Interview Questions: Performance & Scaling

Performance and scaling questions separate engineers who can ship a prototype from those who can run Node.js in production. Interviewers want to know whether you understand why a single-threaded runtime can stall, when to reach for clustering versus worker threads, and how to grow a service from one box to many. The answers below target modern Node.js 20/22 LTS and favor built-in tooling over external dependencies.

Blocking the event loop

Q: What does “blocking the event loop” mean, and how do you detect it?

Your JavaScript runs on one thread, so any synchronous work that takes a long time—a tight loop, a giant JSON.parse, synchronous crypto—stops the event loop from processing other callbacks. While the loop is blocked, every other in-flight request waits, and throughput collapses even though CPU sits mostly idle. The rule of thumb is that no single tick should hold the thread for more than a few milliseconds.

import { createServer } from "node:http";

createServer((req, res) => {
  if (req.url === "/blocking") {
    // Synchronous CPU work freezes ALL connections
    let sum = 0;
    for (let i = 0; i < 5e9; i++) sum += i;
    res.end(`sum=${sum}`);
  } else {
    res.end("fast path\n");
  }
}).listen(3000);

While /blocking runs, a request to the fast path also hangs. Detect this with the built-in perf_hooks event-loop delay monitor:

import { monitorEventLoopDelay } from "node:perf_hooks";

const h = monitorEventLoopDelay({ resolution: 20 });
h.enable();

setInterval(() => {
  console.log(`loop lag p99: ${(h.percentile(99) / 1e6).toFixed(1)} ms`);
}, 1000);

Output:

loop lag p99: 1.2 ms
loop lag p99: 1380.5 ms

A healthy loop delay is sub-millisecond. Sustained tens of milliseconds means user-facing latency; hundreds of milliseconds means an outage in progress.

Cluster vs worker threads

Q: When do you use the cluster module versus worker threads?

Both add parallelism, but they solve different problems.

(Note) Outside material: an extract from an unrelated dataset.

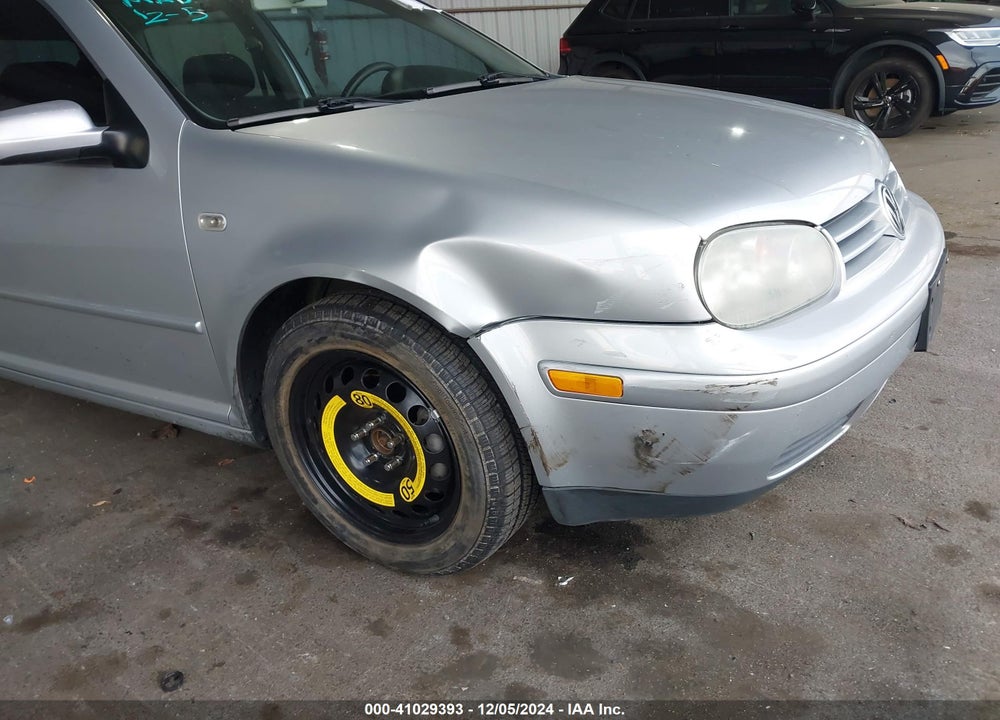 2005 VOLKSWAGEN GTI 1.8T VIN: 9BWDE61J154015626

The cluster module forks multiple processes that share a listening socket, so the OS load-balances incoming connections across cores—ideal for scaling an I/O-bound HTTP server. worker_threads runs JavaScript on additional threads inside one process sharing memory via SharedArrayBuffer, which is the right tool for offloading CPU-bound computation off the main thread.

Aspect	`cluster`	`worker_threads`
Unit	Separate OS processes	Threads in one process
Memory	Isolated per process	Can share via `SharedArrayBuffer`
Best for	Scaling an HTTP server across cores	Offloading CPU-heavy tasks
Communication	IPC messages	`postMessage` / shared memory
Crash blast radius	One worker process	Can take down the whole process

// cluster: one process per CPU core, all sharing port 3000
import cluster from "node:cluster";
import { availableParallelism } from "node:os";
import { createServer } from "node:http";

if (cluster.isPrimary) {
  for (let i = 0; i < availableParallelism(); i++) cluster.fork();
  cluster.on("exit", (worker) => cluster.fork()); // respawn on crash
} else {
  createServer((req, res) => res.end(`pid ${process.pid}\n`)).listen(3000);
}

For CPU work, push it to a thread so the request loop stays responsive:

// main.js
import { Worker } from "node:worker_threads";

function hash(input) {
  return new Promise((resolve, reject) => {
    const w = new Worker("./hash-worker.js", { workerData: input });
    w.once("message", resolve);
    w.once("error", reject);
  });
}

console.log(await hash("password123"));

// hash-worker.js
import { workerData, parentPort } from "node:worker_threads";
import { scryptSync } from "node:crypto";

const derived = scryptSync(workerData, "salt", 64).toString("hex");
parentPort.postMessage(derived);

Caching

Q: How do you use caching to improve Node.js performance?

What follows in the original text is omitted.